As usual, the real answer is in the eyes of the beholder. Further investigation of the FEA shows that, in the area of the left sill, the factor is closer to 2.7. In fact, we could probably find almost any factor we were looking for, along with the accompanying error involved with correlating colors with deflection. Where did BMW measure the stiffness difference? We don't know this and all of us are only fishing in the dark.

We also have already noted that the coupe weighs 33 lbs. more than the roadster. We will be hard pressed to come up with more structural material elsewhere in the coupe. If we might take a blind guess at the actual amount of steel added to the car by adding the roof and say that it is equivalent to, say, a sheet of 20 guage steel 4 ft. square. At 490lbs/cu-ft this sheet would weigh, you guessed it, 32.67 lbs. So, if they added more, where is it?

I also will not take offense at your sarcastic little comment about strength of materials. And, for consistency, you really need to ensure that the forces are applied the same way in both models.

Where do I begin. Ok, first of all let me explain to you what you're looking at. You're not looking at a stress color plot, you're looking at a displacement color plot. So remember that F = k*x and similarly M = k*phi, and since I'm torquing the car with the same forces and boundary conditions in both cases the ratio of the displacements is going to be equal to the ratio of the stiffness in the two cases. Got it?

Next, realize that the Finite Element Method takes care of all the internal forces stresses and strains by way of the interpolation function (element type) and by using any of a variety of methods, either the direct method (force balancing) or by using the method of minimum potential energy or galerkin's method, etc. For the end user it doesn't really matter, as long as your boundary conditions and your external loading is right, it'll all work out assuming you have no issues with the mesh. This why you usually mesh the thing multiple times until your solution converges. So, unless you're trying to build an FEA model by hand or you're looking at it analytically, like I said...IT DOESN'T MATTER. The software, provided you're using it correctly, does it for you.

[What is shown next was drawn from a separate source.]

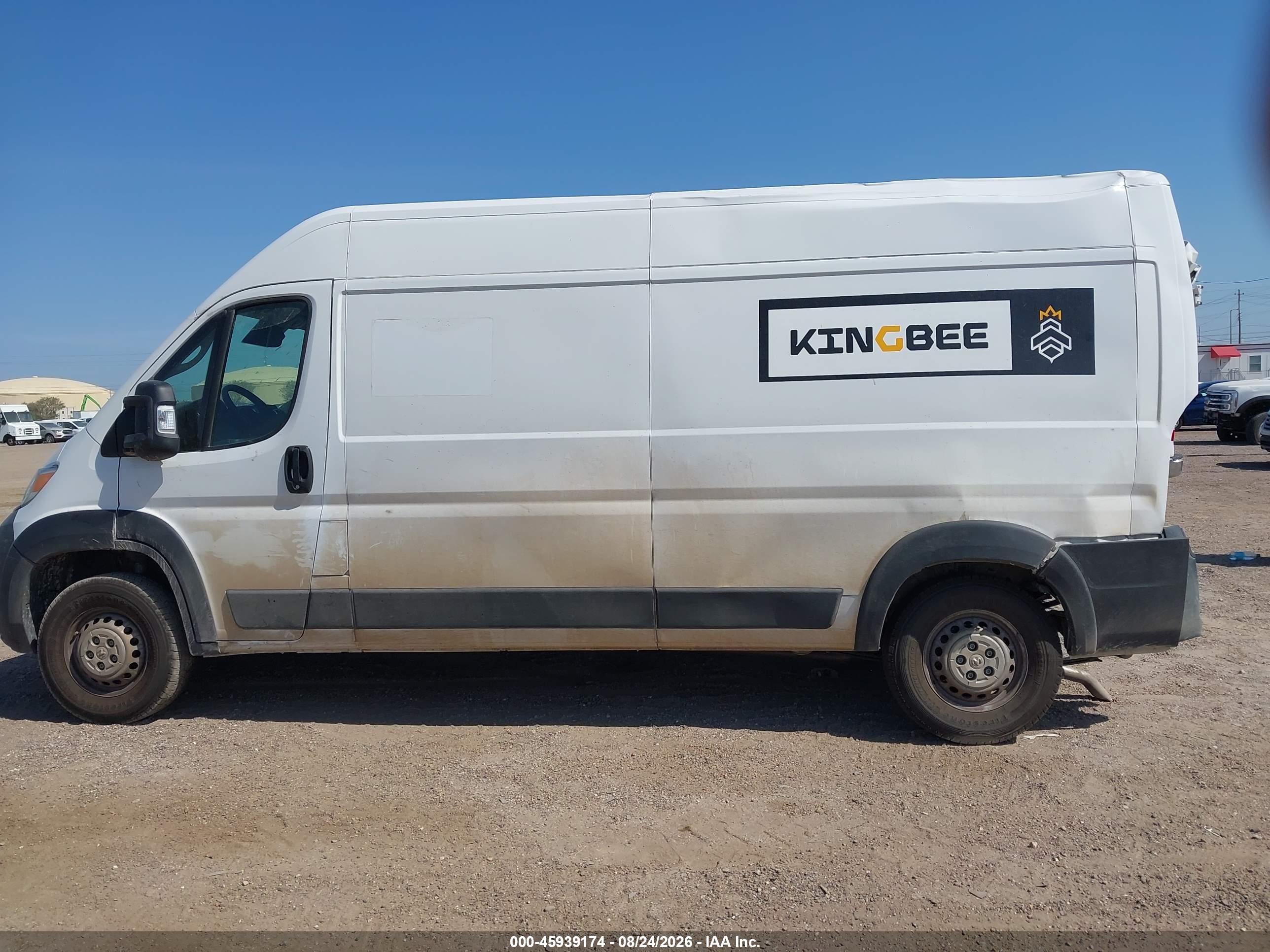 2025 RAM PROMASTER 2500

As far as the amount of material added and extra stiffness goes, like I said it probably has more to do with a change in bending moment of inertia. Just from looking at the pictures of the skeleton you can see that the frame has box beams in the coupe and a tube or cylindrical frame in the roadie. That can make a big difference in moment of inertia without changing the mass of the frame significantly.

Why do you think most buildings are made with I-beams? They have a high moment of inertia and they save weight.

Any other questions? Or should I give up?

Oh and sorry for the sarcasm...I tend to get that way when people argue with me and they don't really know what they're talking about. And if that offends you fine...but I'm an engineer and I know what I'm talking about it. And I get a little tired of defending my opinions from people who have a limited understand of mechanics.

[Dammmittt]

Quote:

Originally Posted by CalRick

If the additional stiffness that's being seen is not due to the roof and related changes, where is it coming from? Why would BMW provide additional stiffening elements to the coupe and not the roadster?

Considering all the additional structure that is typically added to a chop-top coupe to bring its stiffness back up into the neighborhood of an original coupe structure, (and how flexible most convertibles remain,) it's not incredible to figure that a simple roof-ectomy results in a 50ish % loss in stiffness prior to reinforcement.

See above.

And as far as why BMW does anything, I dunno, ask them.